By Maggie Farrand
In February 2011, local and national elections took over the political scene in Chad. From February through June, the National Independent Electoral Commission (CENI) will conduct three nationwide elections: legislative elections on February 13, the first round of presidential elections on April 3, and local elections on June 26.
These three elections come after much debate and delays to the electoral timetable. Originally, the elections were planned for late November 2010, but CENI announced a delay in September, due to “constraints encountered throughout the (electoral) process,” according to the former CENI President, Ngarmajiel Gami. Another short postponement of the elections came in January after Mr. Gami’s dismissal from his position as the head of CENI.
Counterpart International is implementing Promoting Elections, Accountability and Civic Engagement (PEACE) in Chad, a two-year program funded by the US Agency for International Development (USAID). The goal of this program is to promote broader citizen participation in democratic processes through peaceful, free and fair legislative and presidential elections. Counterpart will support and assist CENI in various areas of election process communications and administration, including media outreach, voter education, voter complaint mechanisms and post-election evaluation.
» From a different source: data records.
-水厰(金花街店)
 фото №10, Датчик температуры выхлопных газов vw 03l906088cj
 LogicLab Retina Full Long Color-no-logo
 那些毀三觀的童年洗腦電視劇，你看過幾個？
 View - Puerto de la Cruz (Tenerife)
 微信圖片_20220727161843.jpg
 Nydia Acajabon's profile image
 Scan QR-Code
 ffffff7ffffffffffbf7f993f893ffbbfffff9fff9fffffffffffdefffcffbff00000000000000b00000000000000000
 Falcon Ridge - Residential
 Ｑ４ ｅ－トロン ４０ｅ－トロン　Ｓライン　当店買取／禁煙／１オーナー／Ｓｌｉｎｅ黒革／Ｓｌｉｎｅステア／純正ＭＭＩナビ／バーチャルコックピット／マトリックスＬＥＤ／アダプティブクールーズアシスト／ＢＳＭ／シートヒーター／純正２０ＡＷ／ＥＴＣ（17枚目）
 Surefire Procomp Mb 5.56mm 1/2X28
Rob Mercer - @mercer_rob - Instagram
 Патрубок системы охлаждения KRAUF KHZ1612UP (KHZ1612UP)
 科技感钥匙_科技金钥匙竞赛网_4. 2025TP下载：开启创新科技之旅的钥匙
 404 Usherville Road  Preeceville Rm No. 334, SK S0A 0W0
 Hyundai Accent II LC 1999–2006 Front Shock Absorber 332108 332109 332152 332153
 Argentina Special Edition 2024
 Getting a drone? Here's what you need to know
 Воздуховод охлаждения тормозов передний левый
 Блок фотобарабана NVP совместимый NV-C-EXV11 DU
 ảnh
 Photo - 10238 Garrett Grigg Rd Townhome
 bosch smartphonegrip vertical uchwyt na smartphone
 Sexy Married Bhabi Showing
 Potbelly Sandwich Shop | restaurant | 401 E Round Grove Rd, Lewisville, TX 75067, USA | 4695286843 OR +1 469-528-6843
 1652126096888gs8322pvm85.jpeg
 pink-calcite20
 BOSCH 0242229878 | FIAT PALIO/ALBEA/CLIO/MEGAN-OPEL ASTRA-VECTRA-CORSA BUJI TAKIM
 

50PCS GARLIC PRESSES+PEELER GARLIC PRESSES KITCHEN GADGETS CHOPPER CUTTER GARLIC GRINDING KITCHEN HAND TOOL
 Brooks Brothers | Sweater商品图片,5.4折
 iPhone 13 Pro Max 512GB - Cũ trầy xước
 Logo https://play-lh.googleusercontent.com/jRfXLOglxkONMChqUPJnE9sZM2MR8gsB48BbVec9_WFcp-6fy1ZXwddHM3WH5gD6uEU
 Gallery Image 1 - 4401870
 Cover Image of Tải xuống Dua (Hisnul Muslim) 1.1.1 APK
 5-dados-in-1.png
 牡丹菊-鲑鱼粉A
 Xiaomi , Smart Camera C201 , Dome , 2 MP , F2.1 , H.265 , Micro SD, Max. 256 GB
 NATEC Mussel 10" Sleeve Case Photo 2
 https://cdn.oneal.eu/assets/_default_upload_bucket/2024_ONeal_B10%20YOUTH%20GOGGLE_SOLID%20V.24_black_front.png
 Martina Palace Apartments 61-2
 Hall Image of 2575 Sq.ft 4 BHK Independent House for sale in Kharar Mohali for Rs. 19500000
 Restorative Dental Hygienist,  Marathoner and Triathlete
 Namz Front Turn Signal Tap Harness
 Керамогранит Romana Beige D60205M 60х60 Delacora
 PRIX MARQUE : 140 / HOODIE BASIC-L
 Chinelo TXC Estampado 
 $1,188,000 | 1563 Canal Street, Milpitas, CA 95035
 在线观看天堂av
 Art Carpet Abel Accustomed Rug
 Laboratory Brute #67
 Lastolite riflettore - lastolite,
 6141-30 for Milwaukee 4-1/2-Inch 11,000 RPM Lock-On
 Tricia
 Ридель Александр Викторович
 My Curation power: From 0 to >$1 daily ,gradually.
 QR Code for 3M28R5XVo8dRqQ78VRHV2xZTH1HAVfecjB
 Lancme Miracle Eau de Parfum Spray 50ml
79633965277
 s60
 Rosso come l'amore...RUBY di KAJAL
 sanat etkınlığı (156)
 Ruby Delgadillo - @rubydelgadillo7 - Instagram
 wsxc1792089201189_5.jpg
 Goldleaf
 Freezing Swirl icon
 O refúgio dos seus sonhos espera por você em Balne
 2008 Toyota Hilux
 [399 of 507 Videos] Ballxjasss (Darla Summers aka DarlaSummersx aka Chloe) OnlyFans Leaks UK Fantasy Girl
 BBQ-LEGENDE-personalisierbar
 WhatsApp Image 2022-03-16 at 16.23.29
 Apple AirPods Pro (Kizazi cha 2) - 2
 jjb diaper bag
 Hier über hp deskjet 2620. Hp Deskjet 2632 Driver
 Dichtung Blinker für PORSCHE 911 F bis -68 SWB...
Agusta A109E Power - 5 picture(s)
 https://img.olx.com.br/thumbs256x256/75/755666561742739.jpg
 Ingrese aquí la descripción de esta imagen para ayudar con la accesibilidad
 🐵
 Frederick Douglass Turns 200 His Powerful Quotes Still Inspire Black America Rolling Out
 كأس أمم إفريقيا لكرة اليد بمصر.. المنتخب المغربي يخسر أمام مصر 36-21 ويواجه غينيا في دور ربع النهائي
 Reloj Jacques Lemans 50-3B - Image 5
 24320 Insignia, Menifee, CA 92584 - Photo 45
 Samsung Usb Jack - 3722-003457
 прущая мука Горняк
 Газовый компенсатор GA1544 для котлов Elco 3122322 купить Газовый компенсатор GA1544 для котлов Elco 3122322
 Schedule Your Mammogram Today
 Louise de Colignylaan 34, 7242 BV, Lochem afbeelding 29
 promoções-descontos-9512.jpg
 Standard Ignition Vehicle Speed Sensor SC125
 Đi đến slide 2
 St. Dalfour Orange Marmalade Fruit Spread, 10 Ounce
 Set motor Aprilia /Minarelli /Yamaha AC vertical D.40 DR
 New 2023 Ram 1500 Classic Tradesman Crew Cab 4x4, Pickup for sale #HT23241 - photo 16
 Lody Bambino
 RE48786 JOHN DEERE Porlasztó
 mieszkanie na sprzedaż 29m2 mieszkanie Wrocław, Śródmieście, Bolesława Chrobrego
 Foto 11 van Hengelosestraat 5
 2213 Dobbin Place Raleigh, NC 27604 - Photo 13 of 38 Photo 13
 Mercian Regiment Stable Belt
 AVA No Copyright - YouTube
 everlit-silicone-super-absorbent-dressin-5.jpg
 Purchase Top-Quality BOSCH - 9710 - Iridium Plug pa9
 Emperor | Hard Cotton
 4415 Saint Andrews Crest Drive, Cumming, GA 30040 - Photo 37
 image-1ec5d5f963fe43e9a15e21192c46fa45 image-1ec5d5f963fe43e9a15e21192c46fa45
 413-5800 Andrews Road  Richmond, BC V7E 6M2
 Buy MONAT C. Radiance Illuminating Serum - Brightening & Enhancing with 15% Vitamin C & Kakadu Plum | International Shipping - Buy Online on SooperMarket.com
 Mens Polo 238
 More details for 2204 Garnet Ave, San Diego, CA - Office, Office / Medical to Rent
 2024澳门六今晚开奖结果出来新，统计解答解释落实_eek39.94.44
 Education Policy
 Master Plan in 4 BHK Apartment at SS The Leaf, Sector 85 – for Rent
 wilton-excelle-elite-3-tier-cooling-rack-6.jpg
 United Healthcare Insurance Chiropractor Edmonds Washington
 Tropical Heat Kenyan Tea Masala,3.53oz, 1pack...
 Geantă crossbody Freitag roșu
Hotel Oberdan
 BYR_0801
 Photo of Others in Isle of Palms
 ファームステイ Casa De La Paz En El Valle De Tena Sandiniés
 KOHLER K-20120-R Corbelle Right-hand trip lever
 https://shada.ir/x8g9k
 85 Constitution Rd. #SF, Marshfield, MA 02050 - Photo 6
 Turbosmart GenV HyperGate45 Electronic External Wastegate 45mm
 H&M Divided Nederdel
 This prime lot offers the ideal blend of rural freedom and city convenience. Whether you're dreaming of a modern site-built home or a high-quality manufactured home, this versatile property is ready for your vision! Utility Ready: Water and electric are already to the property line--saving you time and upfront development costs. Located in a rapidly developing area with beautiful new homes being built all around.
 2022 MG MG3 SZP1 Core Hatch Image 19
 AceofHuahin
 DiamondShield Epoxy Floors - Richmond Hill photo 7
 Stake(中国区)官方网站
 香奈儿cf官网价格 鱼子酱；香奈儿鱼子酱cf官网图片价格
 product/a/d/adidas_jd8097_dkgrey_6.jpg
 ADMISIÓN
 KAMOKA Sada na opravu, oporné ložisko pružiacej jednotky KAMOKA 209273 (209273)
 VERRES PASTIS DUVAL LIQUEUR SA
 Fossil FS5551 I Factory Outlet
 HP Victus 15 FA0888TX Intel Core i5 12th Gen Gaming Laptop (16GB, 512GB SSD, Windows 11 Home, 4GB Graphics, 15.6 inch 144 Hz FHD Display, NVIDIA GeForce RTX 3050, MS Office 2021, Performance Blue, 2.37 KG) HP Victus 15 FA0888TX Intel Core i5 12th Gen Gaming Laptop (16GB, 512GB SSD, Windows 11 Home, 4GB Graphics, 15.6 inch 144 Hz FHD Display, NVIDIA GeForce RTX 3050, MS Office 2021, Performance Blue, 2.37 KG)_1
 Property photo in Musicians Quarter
Counterpart has been working closely with CENI to enhance their capacity to effectively administer electoral processes. In November 2010, Counterpart signed an Equipment Grant Agreement with CENI that provided the Commission with twenty-five desktop computers, three laptop computers, a generator, a hard disk Multimedia Storage, an inverter, a UPS and a voltage regulator. A second delivery of computers, printers and media equipment is scheduled to be delivered to CENI in February 2010.
Counterpart has also worked alongside CENI to develop and print a polling guide, a voter education handbook and an election formulas guide, which outlines the rules and regulations related to voting operations and the counting process in Chad. The guides were distributed to each polling center in Chad. L’Express, a Chadian magazine, will publish the guides in its February monthly magazine.
Together with the Electoral Institute for the Sustainability of Democracy in Africa (EISA), Counterpart provided training to members of CENI and the Bureau Permanent des Elections (BPE) using the election formulas guide. This training explained the legal methodology of counting seats according to election results and Chad’s election laws.
Counterpart will continue its election administration assistance to CENI as it implements the upcoming presidential and local elections and as CENI begins to strengthen its capacity to oversee all electoral operations.
Photo © CENI.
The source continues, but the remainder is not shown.